United States of America, Plaintiff-appellee, v. Carlos Sanchez-bonilla, Defendant-appellant, 48 F.3d 1229 (9th Cir. 1995)Annotate this Case
Before: SCHROEDER, CANBY, and LEAVY, Circuit Judges.
Carlos Sanchez-Bonilla appeals the consecutive sentence imposed for violating his supervised release. We have jurisdiction under 28 U.S.C. § 1291 and affirm.
In December 1993, Sanchez-Bonilla was convicted of illegal re-entry after deportation subsequent to a felony conviction, in violation of 8 U.S.C. § 1326(b) (1). The court sentenced him to 8 months in custody and 3 years of supervised release. As a condition of supervised release, he was ordered not to re-enter the United States without INS permission. He was released from custody and deported in March 1994. He re-entered the United States without permission on April 13, 1994 and was immediately arrested. He was charged with violating 8 U.S.C. § 1326(b) (1). A petition to revoke his supervised release was also filed.
On May 11, 1994, pursuant to a plea agreement, he pleaded guilty to violating Sec. 1326(b) (1). The plea agreement provided that the government would recommend a 4- to 10-month sentence if the court imposed a consecutive sentence upon the revocation of supervised release, or a sentence within the Guidelines range of 15 to 21 months if the court imposed a concurrent sentence for violation of supervised release. In consolidated sentencing proceedings, the court imposed a 10-month custodial sentence for the 1994 conviction and a consecutive 7-month sentence for violating the conditions of supervised release. In imposing these sentences, the court departed downward from the Guidelines range for the 1994 conviction and rejected the suggested 12 to 18 months range for the violation of supervised release.
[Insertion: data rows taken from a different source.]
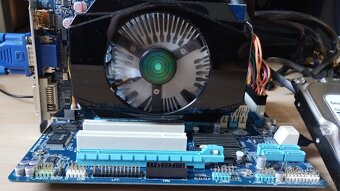 Predám základnú dosku Intel Gigabyte GA-B75M-D3H - 17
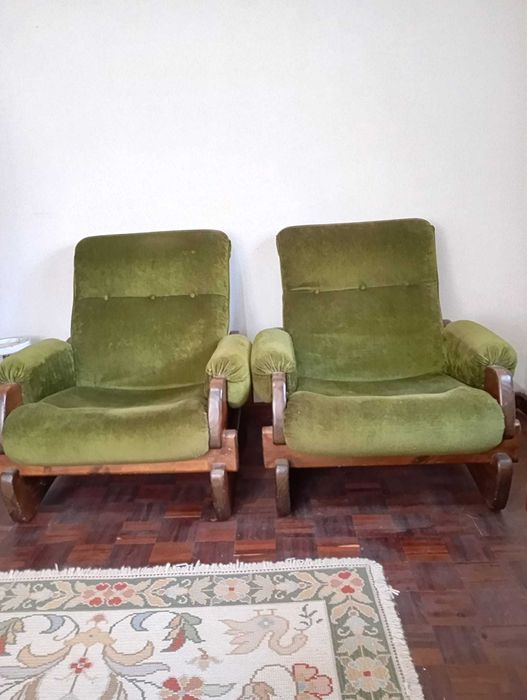 Sofás de Veludo Verde com Base em Madeira Maciça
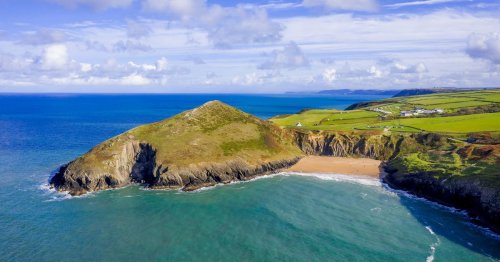 Spot amazing sealife and end up at a stunning beach on this stunning coastal walk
Sanchez-Bonilla argues that the court erred by ordering the sentences to be served consecutively because: (1) U.S.S.G. Sec. 7B1.3(f), which directs the sentencing court to impose consecutive sentences upon revocation of supervised release, is merely advisory, and does not deprive the sentencing court of discretion to impose a concurrent sentence; (2) 18 U.S.C. § 3584(a) creates a presumption that sentences imposed at the same time should run concurrently, and therefore Sec. 7B1.3(f) is in conflict with the statute; and (3) the imposition of consecutive sentences was the equivalent of an upward departure, and was improper because no circumstances warranting an upward departure were identified.
We review de novo the district court's interpretation of both statutes and the Guidelines. United States v. Fulton, 987 F.2d 631, 632 (9th Cir. 1993) (Guidelines); United States v. Neal, 976 F.2d 601, 602 (9th Cir. 1992) (statutes).
The Sentencing Commission has issued a policy statement recommending that sentences imposed upon revocation of supervised release run consecutively. U.S.S.G. Sec. 7B1.3(f) and comment. (n. 5) (1994); see United States v. Schram, 9 F.3d 741, 742-43 (9th Cir.), cert. denied, 114 S. Ct. 482 (1993). This policy statement is advisory, not mandatory. United States v. Forrester, 19 F.3d 482, 484 (9th Cir. 1994). Despite Guidelines policies regarding consecutive or concurrent sentences, a sentencing court retains the discretion under 18 U.S.C. § 3584(a) to impose a concurrent or consecutive sentence. United States v. Lail, 963 F.2d 263, 264 (9th Cir. 1992); United States v. Wills, 881 F.2d 823, 826 (9th Cir. 1989). However, in deciding whether to order a sentence to be served concurrently or consecutively, the district court must consider the policy statements. Forrester, 19 F.3d at 484. The court must also consider the sentencing factors listed in 18 U.S.C. § 3553(a). See 18 U.S.C. § 3584(b); United States v. Conkins, 9 F.3d 1377, 1385 (9th Cir. 1993).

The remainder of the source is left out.